There have been some wonderful, thoughtful blog posts published recently discussing authenticity and vulnerability in the digital space. Reactions and responses have defended sharing, while others have advocated for better ways to engage in conversation online. A common theme running through these discussions was the many and varied definitions of online ‘noise’ and appropriate reactions to finding more clutter than content in someone’s Twitter feed, Facebook page, or other online profile.
In discussing the latter, the prevailing opinion seems to be encouraging others to block, hide, unfollow or ignore those posts, tweets, and pictures you no longer find meaningful or entertaining. While certainly a viable and reasoned response, I wonder how much this solution may hinder, rather than help, a students’ development.
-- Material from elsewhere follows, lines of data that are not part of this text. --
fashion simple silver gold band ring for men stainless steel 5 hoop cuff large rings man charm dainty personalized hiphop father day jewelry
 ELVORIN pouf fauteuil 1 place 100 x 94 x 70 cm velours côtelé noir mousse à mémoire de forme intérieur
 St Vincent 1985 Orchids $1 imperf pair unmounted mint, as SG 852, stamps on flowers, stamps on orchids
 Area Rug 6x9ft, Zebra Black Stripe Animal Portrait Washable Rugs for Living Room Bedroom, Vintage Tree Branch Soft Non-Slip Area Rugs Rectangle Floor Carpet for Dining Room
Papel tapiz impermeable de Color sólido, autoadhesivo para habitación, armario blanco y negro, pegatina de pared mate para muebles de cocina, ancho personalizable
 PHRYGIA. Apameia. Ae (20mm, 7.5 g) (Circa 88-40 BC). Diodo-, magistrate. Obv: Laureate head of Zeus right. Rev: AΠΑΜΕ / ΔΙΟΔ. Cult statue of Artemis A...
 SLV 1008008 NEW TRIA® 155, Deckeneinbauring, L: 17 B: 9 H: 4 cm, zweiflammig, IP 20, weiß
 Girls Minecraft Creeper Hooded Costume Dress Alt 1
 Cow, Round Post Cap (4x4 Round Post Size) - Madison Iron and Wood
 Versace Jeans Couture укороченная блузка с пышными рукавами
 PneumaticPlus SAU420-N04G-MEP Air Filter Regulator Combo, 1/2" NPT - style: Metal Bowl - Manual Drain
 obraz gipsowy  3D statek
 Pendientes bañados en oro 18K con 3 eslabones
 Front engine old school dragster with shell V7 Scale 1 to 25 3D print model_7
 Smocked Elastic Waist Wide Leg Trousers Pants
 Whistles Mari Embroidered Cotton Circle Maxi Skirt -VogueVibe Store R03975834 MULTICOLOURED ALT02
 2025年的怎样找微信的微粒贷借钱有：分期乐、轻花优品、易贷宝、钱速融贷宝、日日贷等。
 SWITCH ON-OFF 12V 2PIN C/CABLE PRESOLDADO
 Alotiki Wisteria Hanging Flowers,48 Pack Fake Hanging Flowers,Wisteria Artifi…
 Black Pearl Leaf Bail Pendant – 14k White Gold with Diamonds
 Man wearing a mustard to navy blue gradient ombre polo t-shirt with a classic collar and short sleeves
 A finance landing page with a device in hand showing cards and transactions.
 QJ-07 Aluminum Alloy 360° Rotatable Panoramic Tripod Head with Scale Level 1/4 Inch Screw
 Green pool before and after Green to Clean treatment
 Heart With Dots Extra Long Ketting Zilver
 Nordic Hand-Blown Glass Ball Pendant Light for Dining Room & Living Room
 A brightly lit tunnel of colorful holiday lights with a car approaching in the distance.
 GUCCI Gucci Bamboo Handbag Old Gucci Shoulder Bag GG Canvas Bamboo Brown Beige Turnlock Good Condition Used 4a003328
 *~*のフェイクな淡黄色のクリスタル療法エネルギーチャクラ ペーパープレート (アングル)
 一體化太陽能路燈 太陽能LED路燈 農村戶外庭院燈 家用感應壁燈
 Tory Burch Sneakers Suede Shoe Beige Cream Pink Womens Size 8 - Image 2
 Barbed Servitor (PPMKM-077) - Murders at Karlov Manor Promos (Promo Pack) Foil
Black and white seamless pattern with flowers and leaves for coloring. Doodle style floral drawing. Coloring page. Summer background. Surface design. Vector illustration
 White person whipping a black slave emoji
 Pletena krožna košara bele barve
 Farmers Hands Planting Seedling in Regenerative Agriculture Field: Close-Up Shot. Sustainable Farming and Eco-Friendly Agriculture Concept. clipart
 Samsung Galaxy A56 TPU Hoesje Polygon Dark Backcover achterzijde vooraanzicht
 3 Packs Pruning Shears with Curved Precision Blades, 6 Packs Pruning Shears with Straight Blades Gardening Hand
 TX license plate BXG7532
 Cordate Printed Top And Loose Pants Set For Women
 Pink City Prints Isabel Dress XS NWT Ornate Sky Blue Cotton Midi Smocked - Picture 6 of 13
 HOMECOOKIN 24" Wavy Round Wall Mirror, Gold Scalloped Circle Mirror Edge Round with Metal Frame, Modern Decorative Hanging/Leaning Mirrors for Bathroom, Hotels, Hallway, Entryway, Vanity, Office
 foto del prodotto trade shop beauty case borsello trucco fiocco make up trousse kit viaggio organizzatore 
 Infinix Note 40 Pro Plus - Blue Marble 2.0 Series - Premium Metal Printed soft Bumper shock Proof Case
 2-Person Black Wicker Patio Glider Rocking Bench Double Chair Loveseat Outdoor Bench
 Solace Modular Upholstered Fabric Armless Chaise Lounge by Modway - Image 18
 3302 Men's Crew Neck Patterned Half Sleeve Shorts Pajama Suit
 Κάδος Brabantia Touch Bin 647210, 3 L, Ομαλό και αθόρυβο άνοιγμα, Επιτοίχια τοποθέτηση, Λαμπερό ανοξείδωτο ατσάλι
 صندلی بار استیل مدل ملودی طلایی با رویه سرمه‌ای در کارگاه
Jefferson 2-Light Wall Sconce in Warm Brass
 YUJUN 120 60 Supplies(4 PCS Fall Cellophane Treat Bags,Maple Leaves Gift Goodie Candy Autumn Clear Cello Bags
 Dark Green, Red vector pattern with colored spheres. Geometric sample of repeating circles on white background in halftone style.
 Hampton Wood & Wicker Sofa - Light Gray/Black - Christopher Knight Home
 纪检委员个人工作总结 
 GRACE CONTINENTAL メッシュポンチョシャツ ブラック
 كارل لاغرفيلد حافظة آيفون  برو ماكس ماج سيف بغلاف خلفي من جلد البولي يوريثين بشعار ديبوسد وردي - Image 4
The world of digital identity development is a messy, complex environment. What was once considered private is now public, with vacation photos clamouring for likes and retweets alongside the results of hard fought personal battles (a tough workout, a particularly bad day at work) or the clutter of professional works in progress (looking for resources to rebuild an interview process or wondering just how many students one can fit into the auditorium). While often benign and inoffensive or, at worst, tedious and overwhelming, there are times when we roll our eyes and shake our heads at what our students (or colleagues) choose to share on social media.
What are we teaching our students when we tell them that those who don’t agree can simply turn away?
As the great Dr. Seuss said “Those who mind don’t matter, and those who matter don’t mind”. This quote is often cited as an ode to ‘being ourselves’ – a somewhat oversimplified yet still important part of what it means to be authentic. It implies what have chosen, for ourselves, who matters the most (or only) – who’s opinion and perspectives are most valuable as we experiment with new and different ways to share pieces of of ourselves online. Those who take issue with what we say, and how we say it, see their opinion matter less, if at all.
I know the issue here isn’t as black and white as I make it out to be, but these lessons are at odds with what we teach our students about ‘best behaviour’ in the digital space. Those that ‘mind’ what we post or share are, at times, the very people that ‘matter’ – potential employers, graduate school supervisors, colleagues, and friends. I find this line especially difficult to walk as I continue to grow in my own struggles with self image, confidence, and authenticity. As I become more of myself (at least, more of who I think I am and want to be), I too cling to Seuss’ axiom for comfort when others simply ‘don’t understand’. However, I must still be conscious of what I choose to share in my digital spaces, because I don’t always get to choose who ‘matters’.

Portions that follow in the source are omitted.